My thesis investigates the relationship between Singapore and air-conditioning. In the context of high carbon emissions, over reliance on air-conditioning is unsustainable. In the 1980s, John Portman designed 4 hotels in Singapore with extravagant atrium filled with cooled air, with keys surrounding this atrium. This is also the case in Regent Hotel, which I have chosen to interrogate and alter in consideration of several new contexts.
1. The requirement of low-carbon buildings
2. Dealing with the Covid-19 pandemic
3. Integration with tropical climate and its nature.

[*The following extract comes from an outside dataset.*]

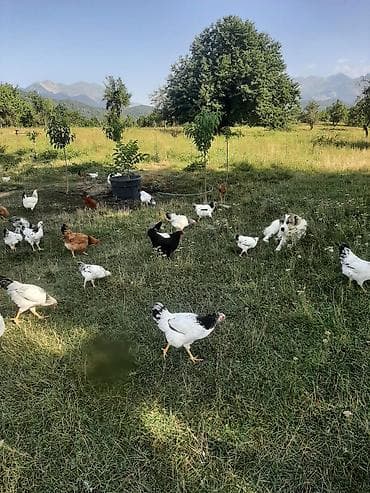 zvanok it cinsi: Ümumi say- 270 200-ə yaxın yumurtaya düşmüş çolpa 1 erkək, 2 dişi — 5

In conclusion, rethinking the atrium becomes a new possibility for architecture in Singapore.
Supervisor's comments:
John C. Portman Jr. was an American architect and real estate developer who had impacted the hotel culture in Singapore. His four urban hotels within the city-state, import a globalized hospitality aesthetic, leveraging a luxurious appointed modernism with the large scaled air-conditioned atria, inverting the hotels; focus towards the city to a sealed comfort producing interior. This constructed interior world aligns with Singapore’s pivot to American financial influence in the 1980’s and 1990’s and serves as the techno-cultural-typological starting point of the thesis. The thesis proposes a reconfigured hotel, embedding 21st century climate concerns on air quality, energy use, and density to perforate metaphorically and symbolically the sealed interior. A multitude of atria, both interior and exterior, sealed and leaky, incorporate air conditioning and natural ventilation as a symbolic and spatial transformation of the type. Thermal spatial gradients are produced across the section reconfiguring the design of hotel, the atrium, and the air within.